What you are asked to do: Print the entries underneath word for word, omitting whatever pictures they contain.

Entries shown:
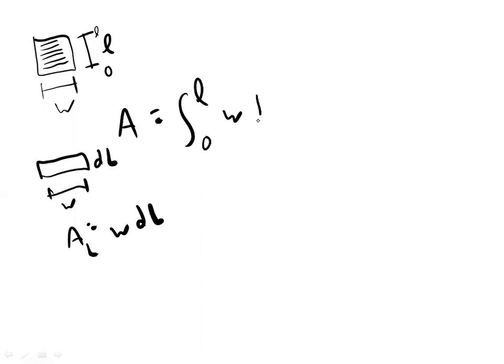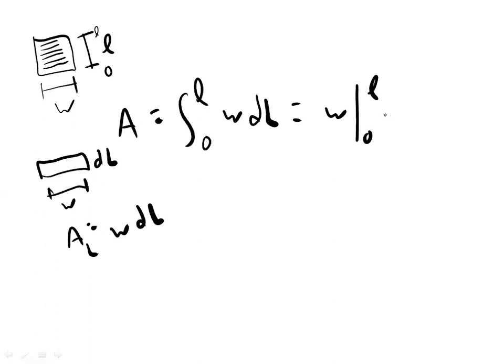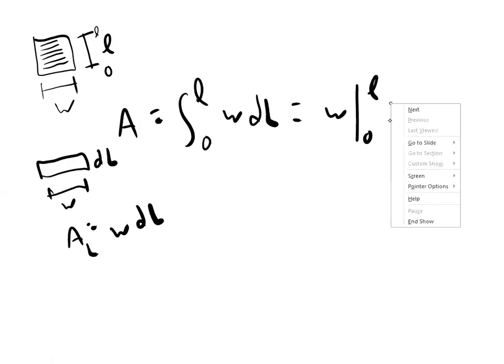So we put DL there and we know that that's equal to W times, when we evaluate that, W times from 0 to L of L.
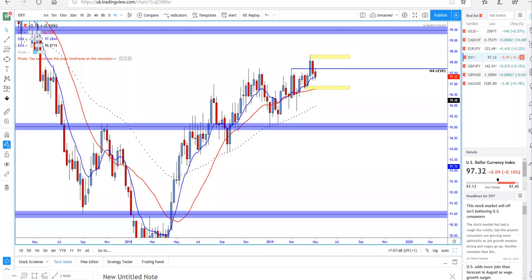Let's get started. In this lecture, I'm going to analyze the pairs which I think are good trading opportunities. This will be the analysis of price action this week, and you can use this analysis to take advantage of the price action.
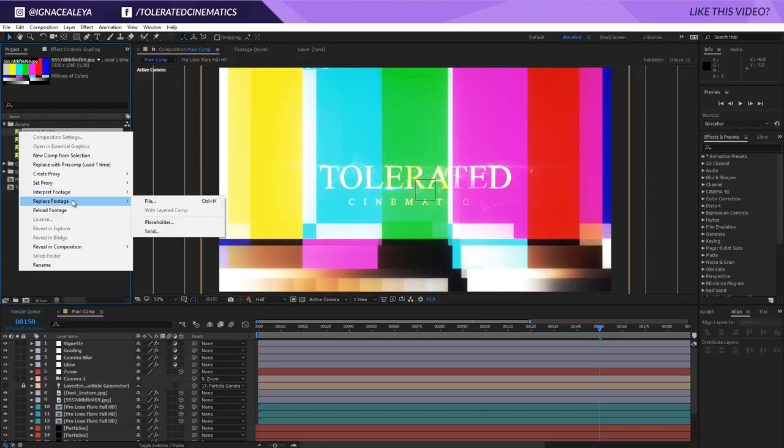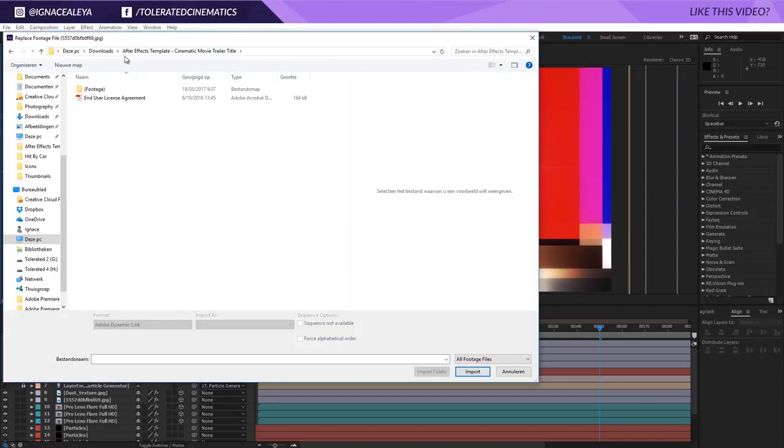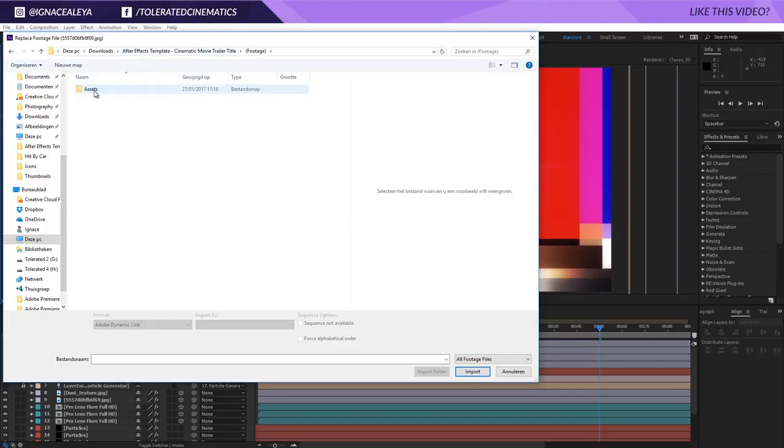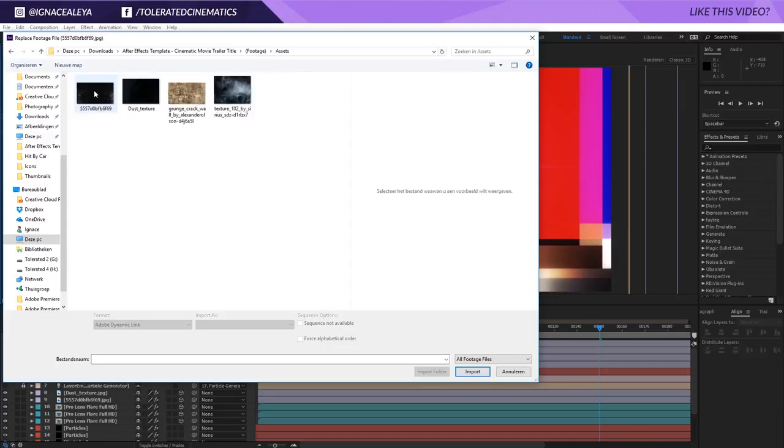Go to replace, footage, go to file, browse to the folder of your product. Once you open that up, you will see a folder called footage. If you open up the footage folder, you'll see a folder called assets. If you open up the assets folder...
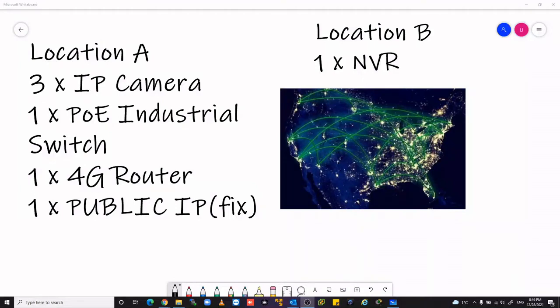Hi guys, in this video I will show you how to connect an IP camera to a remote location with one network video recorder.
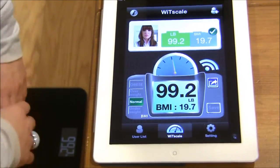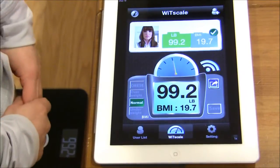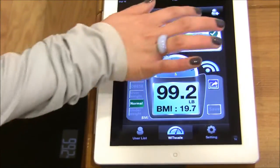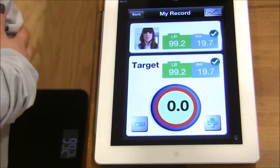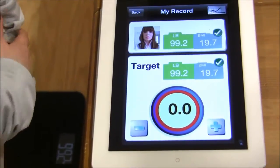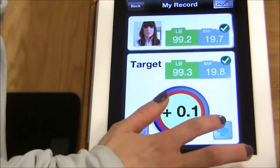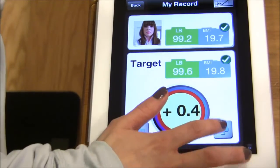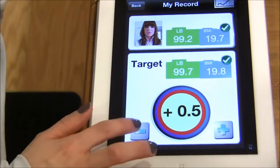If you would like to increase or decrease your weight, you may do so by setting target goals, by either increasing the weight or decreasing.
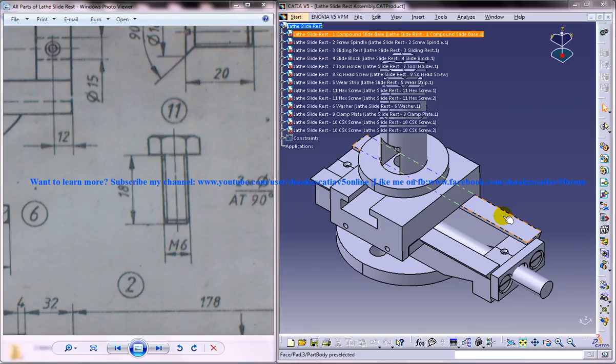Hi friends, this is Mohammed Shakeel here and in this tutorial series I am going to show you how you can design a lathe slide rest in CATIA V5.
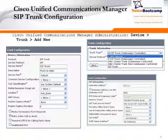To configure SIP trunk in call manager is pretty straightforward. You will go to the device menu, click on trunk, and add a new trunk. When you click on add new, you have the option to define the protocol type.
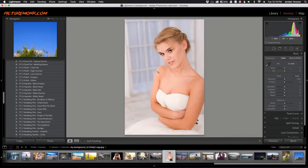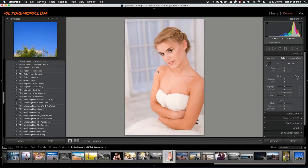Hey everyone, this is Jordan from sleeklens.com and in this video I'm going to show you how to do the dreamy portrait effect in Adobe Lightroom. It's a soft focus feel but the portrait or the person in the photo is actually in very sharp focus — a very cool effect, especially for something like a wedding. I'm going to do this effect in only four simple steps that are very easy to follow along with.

Reply:
So we put DL there and we know that that's equal to W times, when we evaluate that, W times from 0 to L of L.
Let's get started. In this lecture, I'm going to analyze the pairs which I think are good trading opportunities. This will be the analysis of price action this week, and you can use this analysis to take advantage of the price action.
Go to replace, footage, go to file, browse to the folder of your product. Once you open that up, you will see a folder called footage. If you open up the footage folder, you'll see a folder called assets. If you open up the assets folder...
Hi guys, in this video I will show you how to connect an IP camera to a remote location with one network video recorder.
If you would like to increase or decrease your weight, you may do so by setting target goals, by either increasing the weight or decreasing.
Hi friends, this is Mohammed Shakeel here and in this tutorial series I am going to show you how you can design a lathe slide rest in CATIA V5.
To configure SIP trunk in call manager is pretty straightforward. You will go to the device menu, click on trunk, and add a new trunk. When you click on add new, you have the option to define the protocol type.
Hey everyone, this is Jordan from sleeklens.com and in this video I'm going to show you how to do the dreamy portrait effect in Adobe Lightroom. It's a soft focus feel but the portrait or the person in the photo is actually in very sharp focus — a very cool effect, especially for something like a wedding. I'm going to do this effect in only four simple steps that are very easy to follow along with.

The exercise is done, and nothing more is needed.